For better or worse, when growing up, India to me meant Rajasthan. The impressive forts, expansive deserts, luxurious palaces, indigo blue houses, docile camels, colourful turbans, and worn but smiling people — these were the things that I was aware of in my not-so-well-formed image of India. Many years later, traveling through Rajasthan I got to experience all of these things, vivid and true to life. While photos do not do it justice, a sampling is below.
And then, of course, there is the food! When in Rajasthan, make sure to try some Daal Baati Choorma. Baatis are small round breads that you break open and cover with daal, and choorma is a pile of sweet crumbles that adds a nice crunch and taste when sprinkled on top. Often you can find them as part of an elaborate Rajasthani thali.
A proper thali has many many dishes, including several daals (lentils), subzis (vegetables), breads, chutneys, sweets and drinks.
Still, a simple plate of daal baati is wholesome and filling and doesn’t need anything more.
Panchratna Daal Recipe
Panchratna literally means five jewels, and once you mix the five types of daal it really does look pretty.
In a pressure cooker, add a bit of oil and some cumin, saunf, mustard seed, red chili flakes, one clove and one green cardamom. Once tempered, add a chopped tomato, ginger-garlic paste and salt. Once the liquid is gone but before it browns, add water and your mix of daals: equal parts chana daal, toor daal, split urad daal, split moong daal, and masoor daal (you can use whole urad or moong, but in that case pre-soak the daal for at least an hour. I like them split with the skin, but skinless is also fine). Cook for two whistles, and add some gur (jaggery / piloncillo) to desired sweetness.

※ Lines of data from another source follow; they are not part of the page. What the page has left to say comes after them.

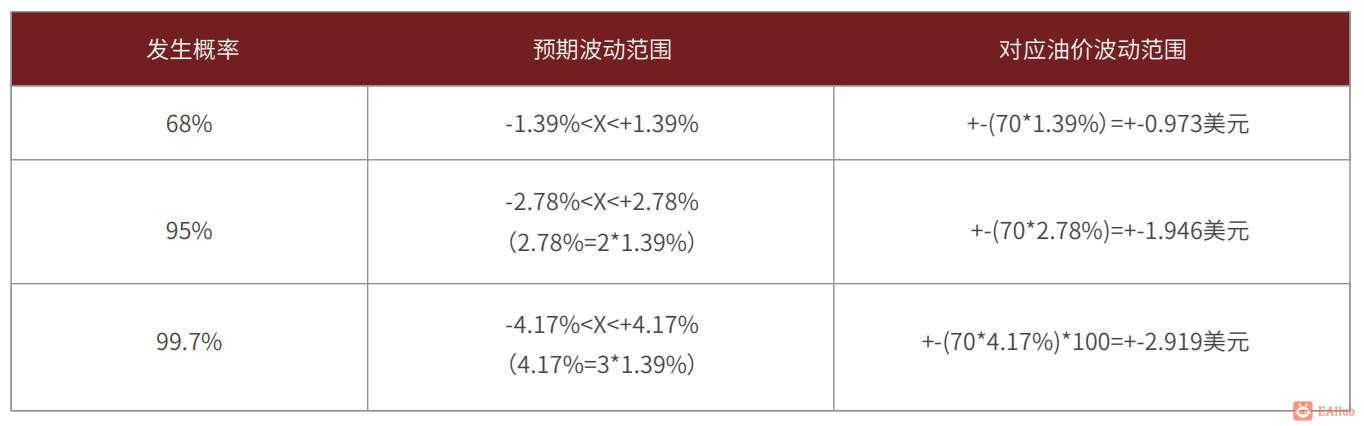 图片14.jpg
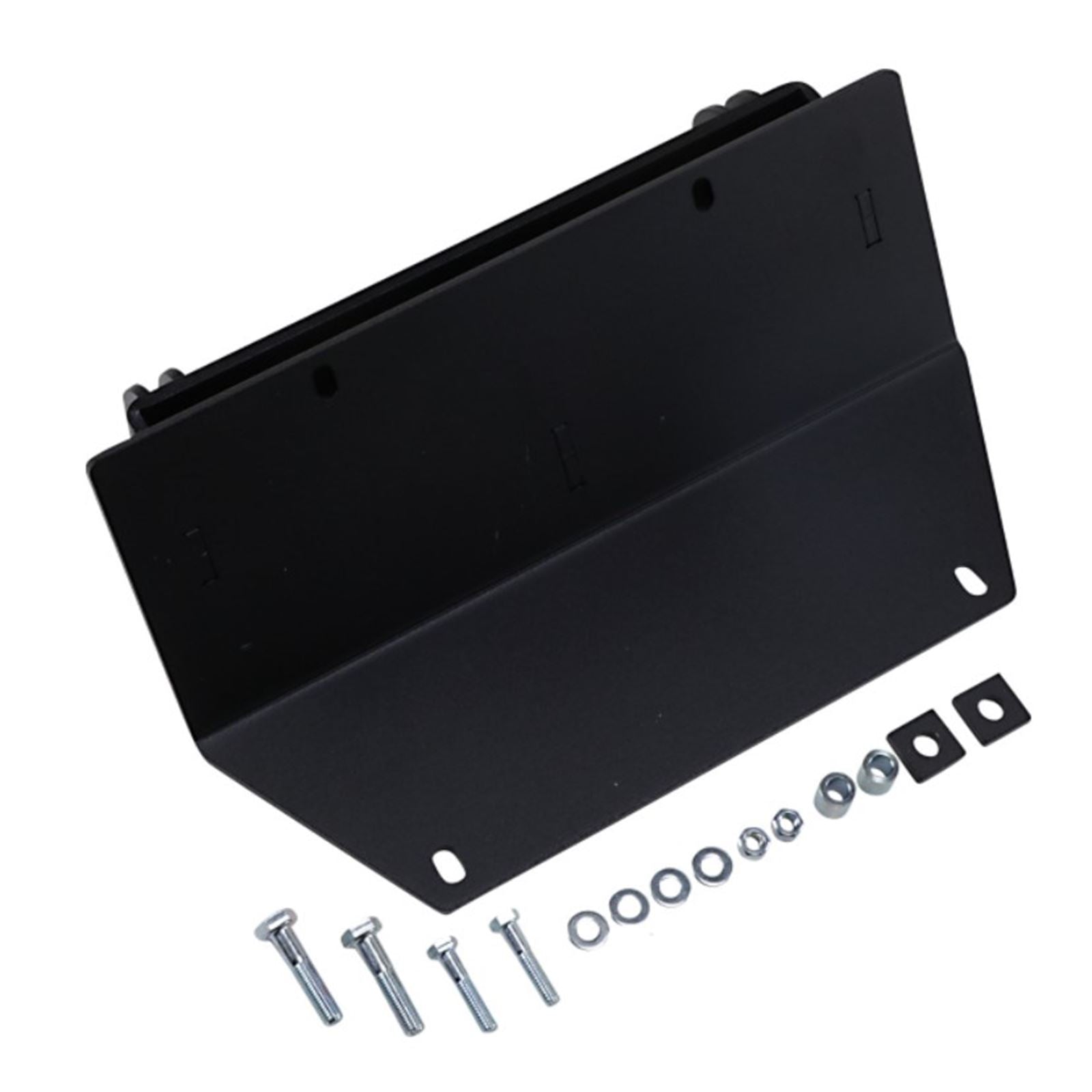 Moose Offroad RM5 Plow Mount - Teryx 4501-0853_839577
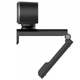 Веб-камера Sandberg 133-95 Webcam Pro Autofocus Stereo Mic 1920x1080 CMOS USB2.0 с микрофоном Black - изображение 3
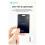 Anti-lost Device Devia Lite Tag G2304 Black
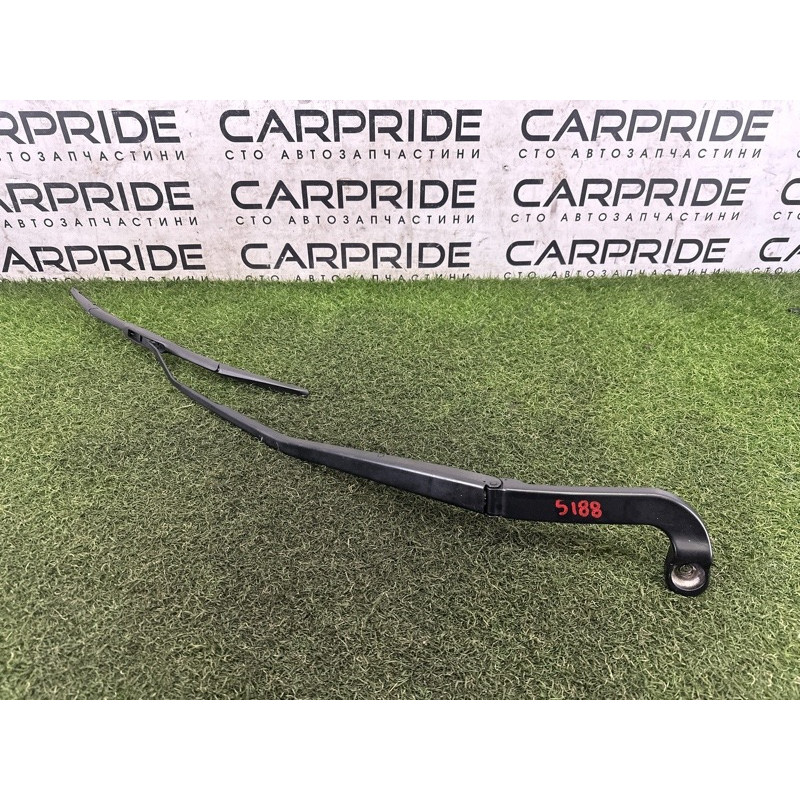 важіль щітки склоочисника (кузов и элементы) LAND ROVER RANGE ROVER Sport L494 2016 3.0 Diesel LR066988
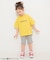【WEB限定/26春新作】DAISUKIリブハーフパンツ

Baati originated in the Rajasthani desert, and originally was made from a very hard dough using as little precious water as possible, sometimes using milk since that was less scarce! The end product was hard and dry and would keep for weeks. That recipe is rarely in use anymore, and below is a modernised version which does not skimp on water and allows for a softer end result.
Mix one cup of atta (whole wheat flour) with two tablespoons of sooji and besan, a bit of ghee, and half a teaspoon of aiwain, baking powder, and salt. Add water to form a medium-hard dough (hardness somewhere between roti and poori) and let the dough rest for at least 15 minutes. Form 1-inch-sized balls of dough, and keep the exterior as smooth as possible. Put them in a preheated oven at 180 C (350 F) for 20-30 minutes. When ready they should be slightly cracked open with a firm exterior, and cooked but not dry inside. Toss lightly in oil and put them under the broiler to brown.
The Finished Product
Now you have a taste of Rajasthan on your plate!